Figure 7.12. A rotation in the plane.

(i)

Use the angle sum trigonometric identities

\begin{align*} \cos(A+B) \amp = \cos(A) \cos(B) - \sin(A) \sin(B)\\ \sin(A+B) \amp = \cos(A) \sin(B) + \cos(B) \sin(A) \end{align*}

to show that

\begin{align*} w \amp = \cos(\theta)x - \sin(\theta)y\\ z \amp = \sin(\theta)x + \cos(\theta)y\text{.} \end{align*}
(ii)

Now explain why the counterclockwise rotation around the origin by an angle \(\theta\) can be represented by left multiplication by the matrix

\begin{equation*} \left[ \begin{array}{rr} \cos(\theta) \amp -\sin(\theta) \\ \sin(\theta) \amp \cos(\theta) \end{array} \right]\text{.} \end{equation*}

Project Activity 7.5 presented the rotation matrices.
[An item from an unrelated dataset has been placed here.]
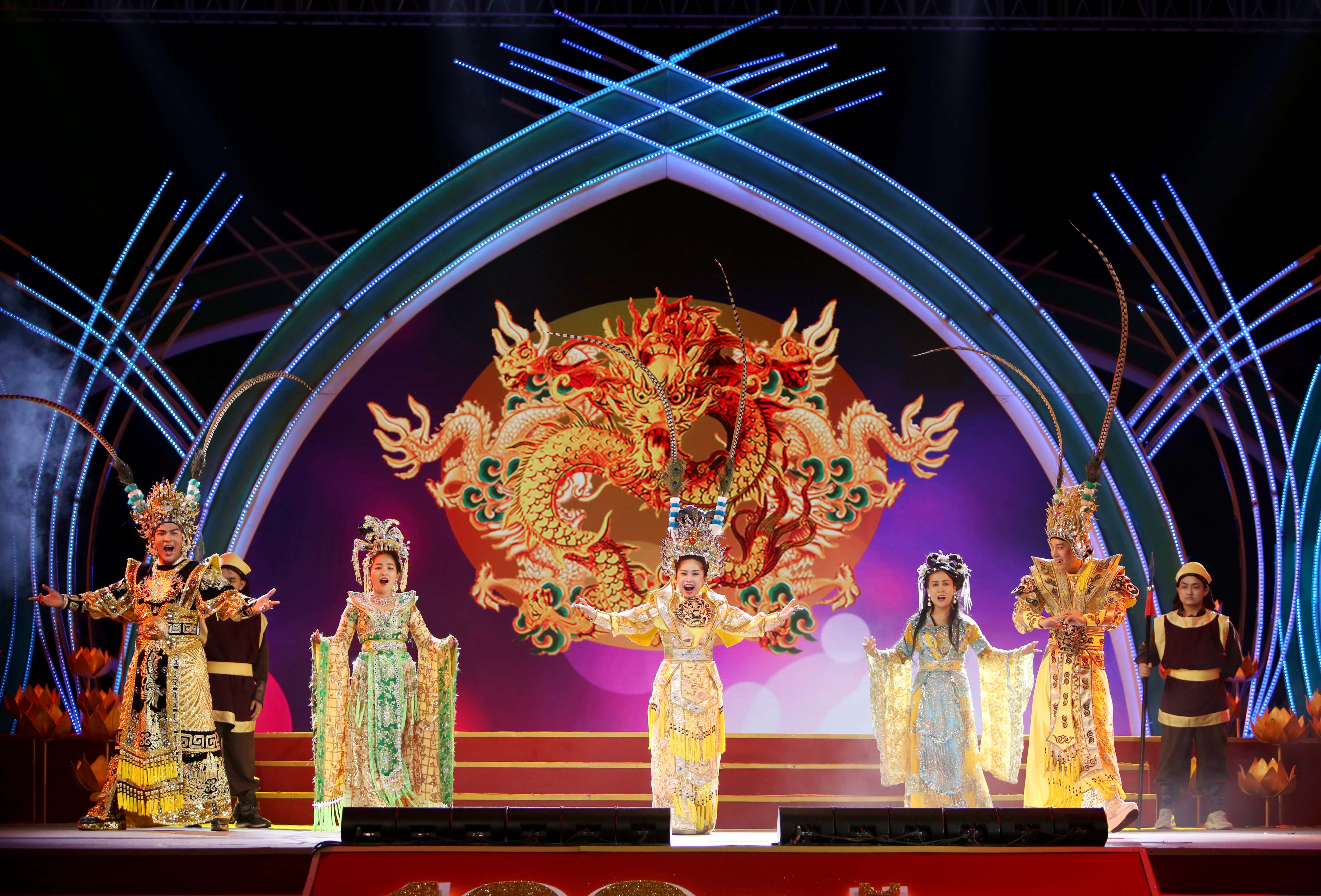 vietnamese-cultural-performances-3.jpg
Other matrices have different effects.

Project Activity 7.6. Different matrix transformations.

(a)

Let \(S\) be the matrix transformation from \(\R^2\) to \(\R^2\) defined by

\begin{equation*} S\left(\left[ \begin{array}{c} x \\ y \end{array} \right] \right) = \left[ \begin{array}{cr} 1\amp 0.5 \\ 0\amp 1 \end{array} \right]\left[ \begin{array}{c} x \\ y \end{array} \right]\text{.} \end{equation*}

Determine the entries of the output vector \(S\left(\left[ \begin{array}{c} x \\ y \end{array} \right] \right)\) and explain the action of the transformation \(S\) on the dancing figure as illustrated in Figure 7.13. (The transformation \(S\) is called a shear in the \(x\) direction.)

Figure 7.13. A dancing figure and a sheared dancing figure.

(b)

Let \(C\) be the matrix transformation from \(\R^2\) to \(\R^2\) defined by

\begin{equation*} C\left(\left[ \begin{array}{c} x \\ y \end{array} \right] \right) = \left[ \begin{array}{cr} 0.65\amp 0 \\ 0\amp 0.65 \end{array} \right]\left[ \begin{array}{c} x \\ y \end{array} \right]\text{.} \end{equation*}

Determine the entries of the output vector \(C\left(\left[ \begin{array}{c} x \\ y \end{array} \right] \right)\) and explain the action of the transformation \(C\) on the dancing figure as illustrated in Figure 7.14. (The transformation \(C\) is called a contraction.) How would your response change if each \(0.65\) was changed to \(2\) in the matrix \(C\text{?}\)

Figure 7.14. A dancing figure and a contracted dancing figure.

So far we have seen specific matrix transformations perform a rotations, shears, and contractions. We can combine these, and other, matrix transformations by composition to change figures in different ways, and to created animations of geometric figures. (As we will see later, combining transformations needs to be done carefully in order to obtain the result we want. For example, if we want to first rotate then translate, in what order should the matrices be applied?)